Лекция «Деревенские похоронные плачи, структуры памяти и основания жизненного мира» состоялась в Еврейском музее и Центре толерантности 19 ноября 2018 г.

 

Невозможно сочинить

Мы записывали причитания от разных людей в разное время. Обычно ты пользуешься тем материалом, который написал недавно, — теперь все в «цифре», все расшифровано… И вот я решила посмотреть, что же такое мне рассказывали, когда мне было 19 лет, хотя тогда мы писали звук мало, потому что тогда у нас был в лучшем случае один магнитофон на всю компанию. Мы писали от руки, а значит, не записывали никакого контекста — только сами тексты. Но даже такая запись позволила мне увидеть то, что тогда было совсем не очевидно.
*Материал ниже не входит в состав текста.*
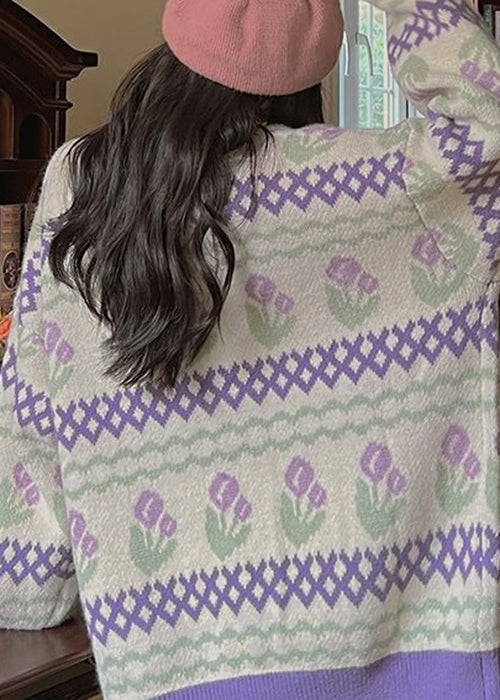 Drune | Lila Knopf Taschen Patchwork Strickmäntel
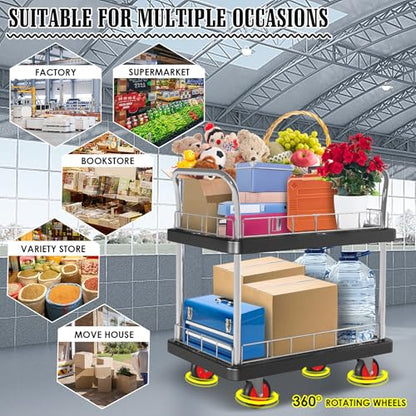 2 Shelf Utility Service Cart- 660lbs Capacity Heavy-Duty Plastic Rolling Utility Carts with 4 of 360° Swivel Wheels and Handle, Large Service Cart for Groceries,Warehouse,Garage 34.6''x 22.8'' - color: 660lbs Capacity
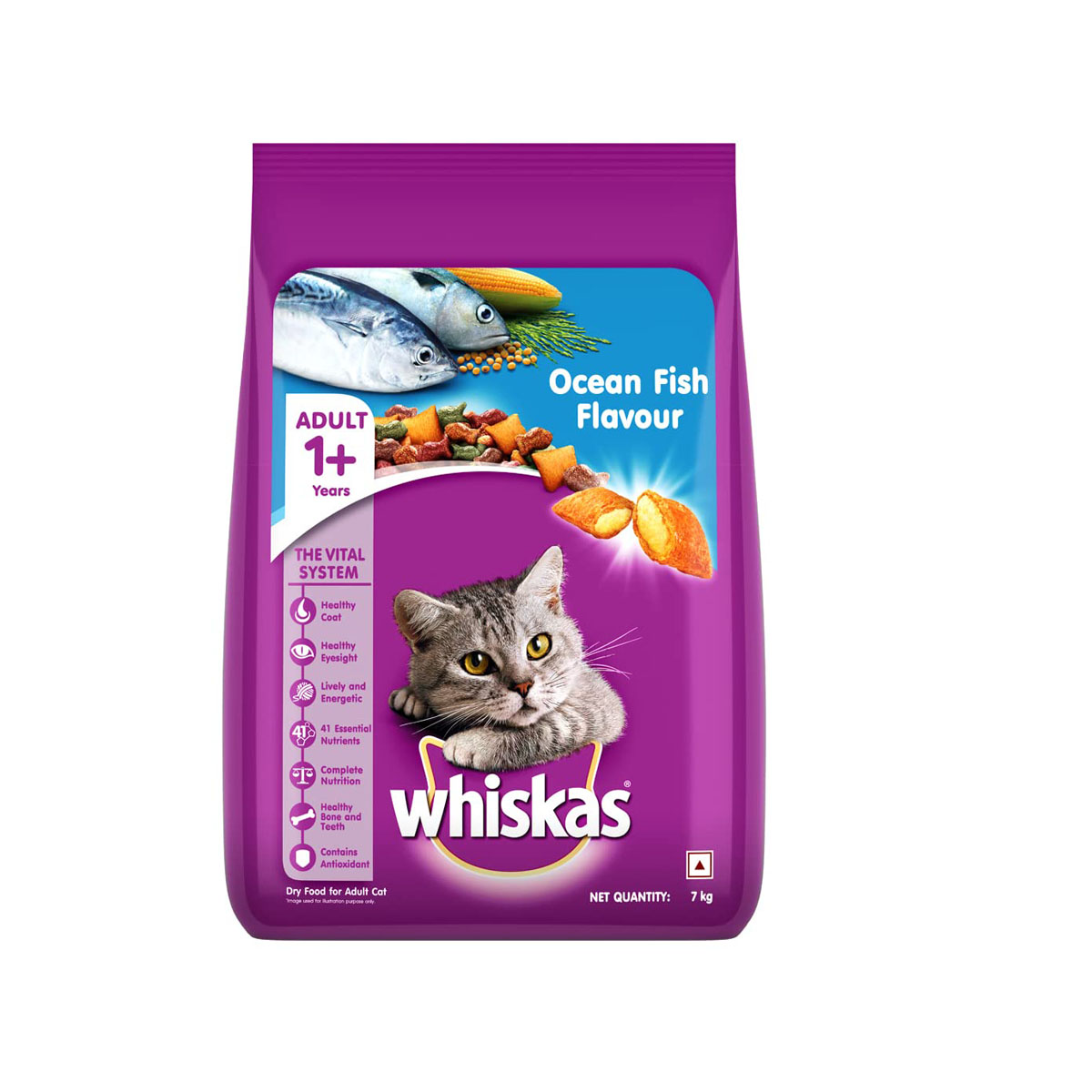 Whiskas Adult ( 1+ Years ) Dry Cat Food, Ocean Fish Flavor - 7kg Pack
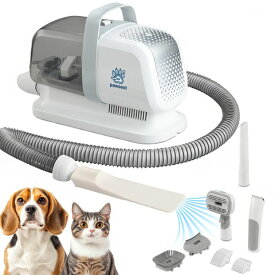 ペットバリカン Dog Grooming Vacuum - Pet Hair Trimmer, Dog Hair Clippers and Nail Grinder with 7 Attachments - All-in-One Pet Grooming Kit with 3-Level Suction and Speed Settings with Temperature Control Protection 【並行輸入品】
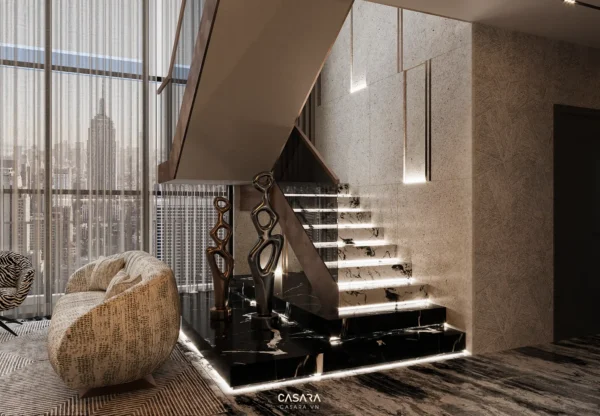 Cầu thang hiện đại với ánh sáng tinh tế trong không gian sang trọng.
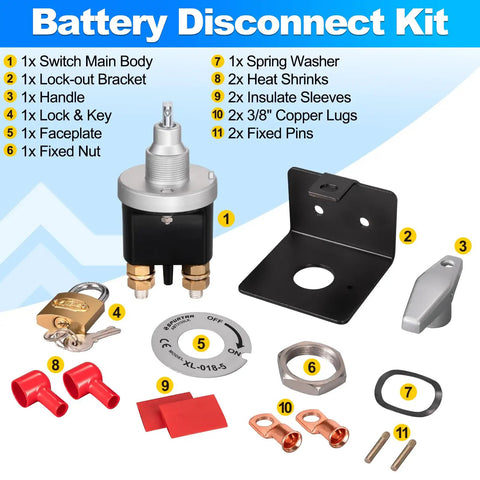 Beefy Heavy Duty Battery Disconnect Switch 12V 24V 36V With Lock Out Plate 500A Continuous 5000A Peak Safe Isolator For Car Boat RV Marine Off Grid Electrical System kit parts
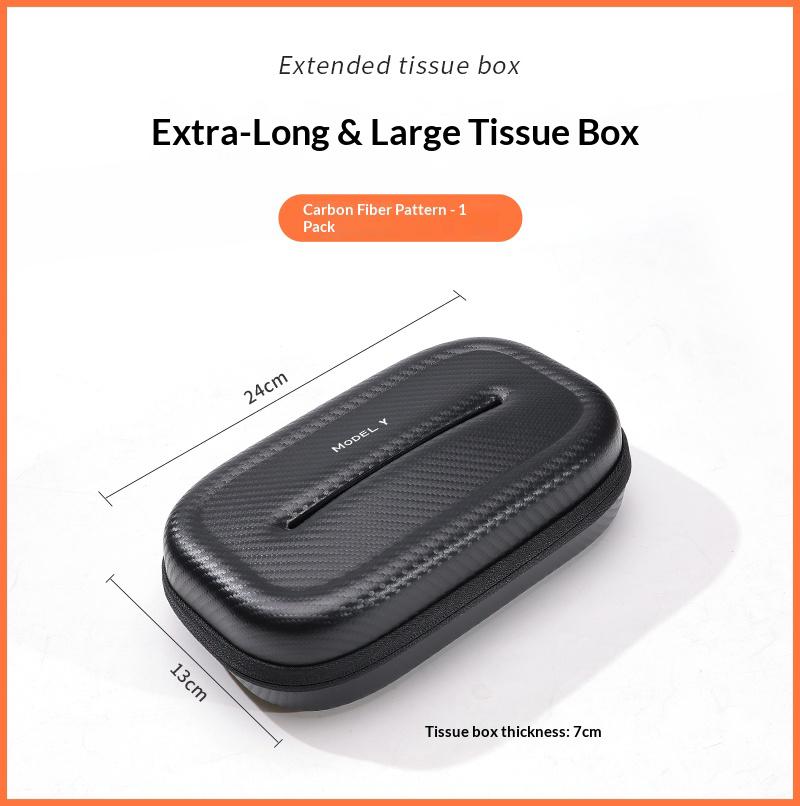 

Car 3D stereoscopic Extra-Long & Large tissue box seat backrest Sunshade panel tissue box For Tesla Model Y Interior Accessories
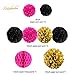 NICROLANDEE Hen Party Decorations Hot Pink and Black Tissue Pom Poms Glitter Gold Paper Lanterns Hanging Honeycomb Ball for Wedding Bridal Shower Wall Decor Valentines Decorations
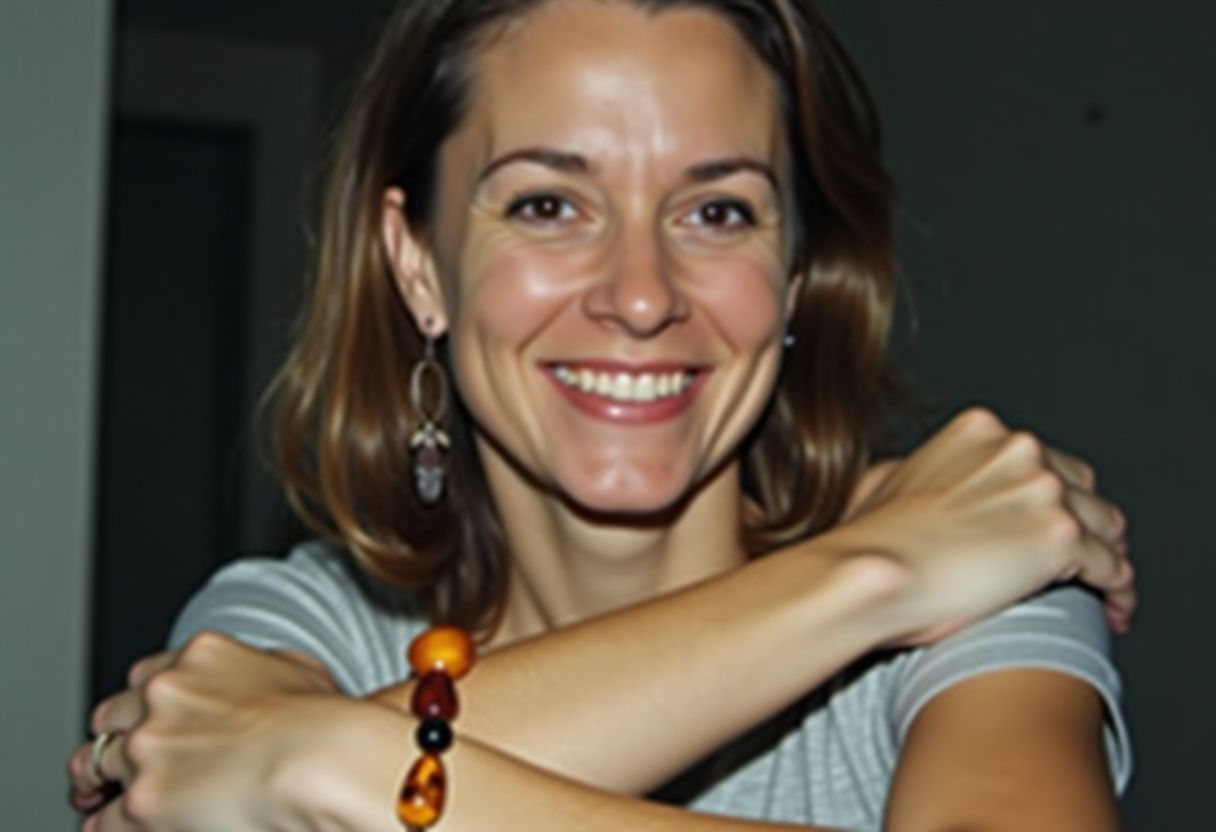 A woman in her mid-30s wearing a gemstone bracelet in a casual photo.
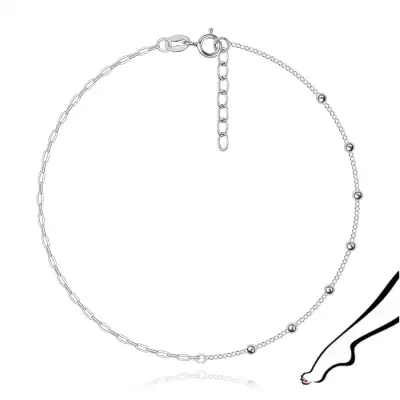925 ezüst bokalánc kombinált lánccal és golyókkal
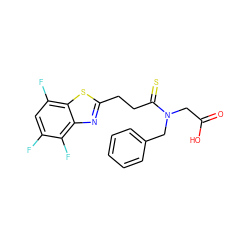 O=C(O)CN(Cc1ccccc1)C(=S)CCc1nc2c(F)c(F)cc(F)c2s1 ZINC000029403698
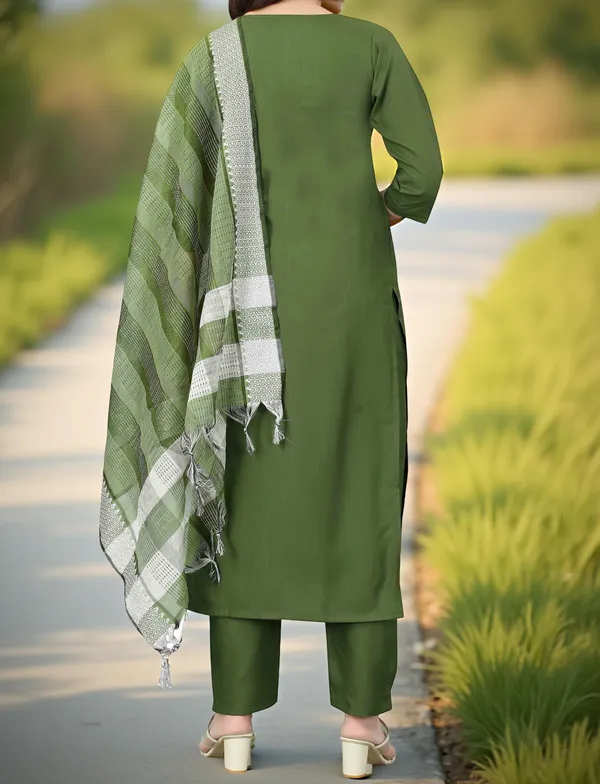 Green_Stitched_Kurta_And_Pant_&_Dupatta_Set_For_Women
 Меня отправляли записывать «русское народное поэтическое творчество» — что я и делала. А то, что мне рассказывали, никакое не «народное творчество». Люди рассказывали свою собственную историю — некоторые из этих историй были поразительны по своей пронзительности. Я увидела это только теперь, в том числе то, что фольклор — это всегда чья-то конкретная история, а вовсе не общее знание, которое зачем-то передается, словно книжка в библиотеке. Даже если это причитания, даже если это былина, даже если это сказка — это всегда «сейчас я тебе кое-что расскажу», рассказывая эту историю.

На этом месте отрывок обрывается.